Esse cenário pode parecer um sonho futurista, mas é mais real do que você imagina. Os equipamentos que vão permitir uma revolução no setor elétrico já existem. Parte deles está inclusive em funcionamento em algumas cidades do mundo, como as americanas Austin e Boulder - China e Itália também vêm conduzindo experiências. Seu uso só não decolou ainda por causa do preço, mais alto que o dos obsoletos aparelhos usados há anos. Dois fatores, no entanto, estão começando a fazer isso mudar.

O primeiro deles é o aquecimento global, que tem exigido a busca por novas formas de reduzir as emissões de carbono. O problema é bem maior nos países mais ricos, responsáveis pela produção de boa parte dos gases causadores do efeito estufa. Grande parcela da energia consumida por essas nações vem de usinas termelétricas, que queimam combustíveis fósseis. Como o smart grid facilitará o uso de fontes renováveis, esse impacto poderá ser reduzido.

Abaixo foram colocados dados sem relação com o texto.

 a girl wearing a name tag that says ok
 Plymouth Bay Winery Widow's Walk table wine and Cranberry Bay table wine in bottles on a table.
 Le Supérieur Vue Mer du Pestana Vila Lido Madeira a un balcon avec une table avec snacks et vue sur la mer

O segundo fator é o aumento do consumo de eletricidade em todo o planeta, previsto para ocorrer nas próximas duas décadas. De acordo com uma projeção divulgada no fi m do ano passado pela Agência Internacional de Energia (IEA, na sigla em inglês), a demanda mundial por watts deve dobrar até 2030. Por isso, é vital ter um sistema elétrico mais confiável, capaz de reduzir as perdas na transmissão e de fornecer informações bem detalhadas sobre gastos.


O que isso muda na sua vida?

UPGRADE NA REDE - No novo sistema, a energia poderá ser gerada a partir de qualquer ponto e seguir em múltiplas direções. Isso dificultará que panes localizadas causem grandes blecautes.

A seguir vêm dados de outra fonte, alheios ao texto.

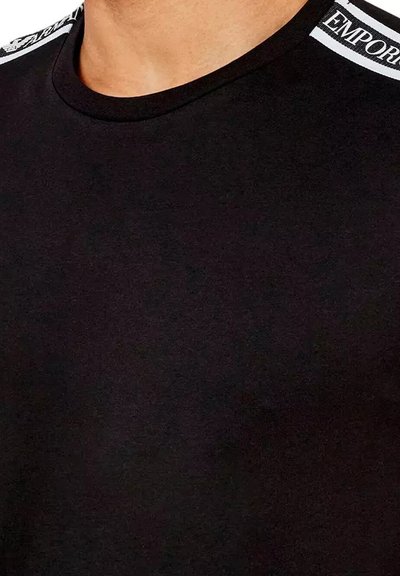T-shirt noir à col rond, avec des accents de logo blanc sur l'épaule. Texture lisse avec un design ajusté.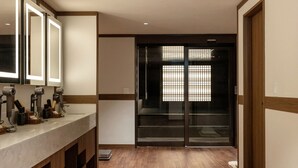 A hotel hallway with a wooden floor, a counter with hair dryers, and a sliding glass door with a grid pattern. - Anook Signature Hotel Incheon Guwol (Incheon)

TUDO ONLINE - Todos os aparelhos necessários para o funcionamento da rede elétrica, até mesmo transformadores e medidores, vão transmitir dados em tempo real para as concessionárias.

CONSUMO DETALHADO - Os medidores inteligentes, ou smart meters, vão fornecer informações completas sobre os gastos. Isso permitirá lidar com tarifas diferenciadas, com valor mais alto nos horários de pico.

GADGETS SOB CONTROLE - No smart grid, será possível determinar quanta energia cada eletrônico poderá gastar. Quem quiser poderá bloquear de uma só vez a eletricidade direcionada para todos os gadgets que ficam em modo de espera.

ENERGIA MAIS VERDE -Como a geração poderá vir de qualquer ponto, todo mundo - inclusive você — poderá vender eletricidade para o sistema. Essa energia virá de turbinas eólicas e placas solares instaladas em casas e prédios.

CARROS NA TOMADA - Os carros elétricos não ficarão ligados na tomada sugando energia sem parar. Quando for necessário, eles também poderão fornecer eletricidade para a rede. E seus donos vão ganhar um dinheiro com isso.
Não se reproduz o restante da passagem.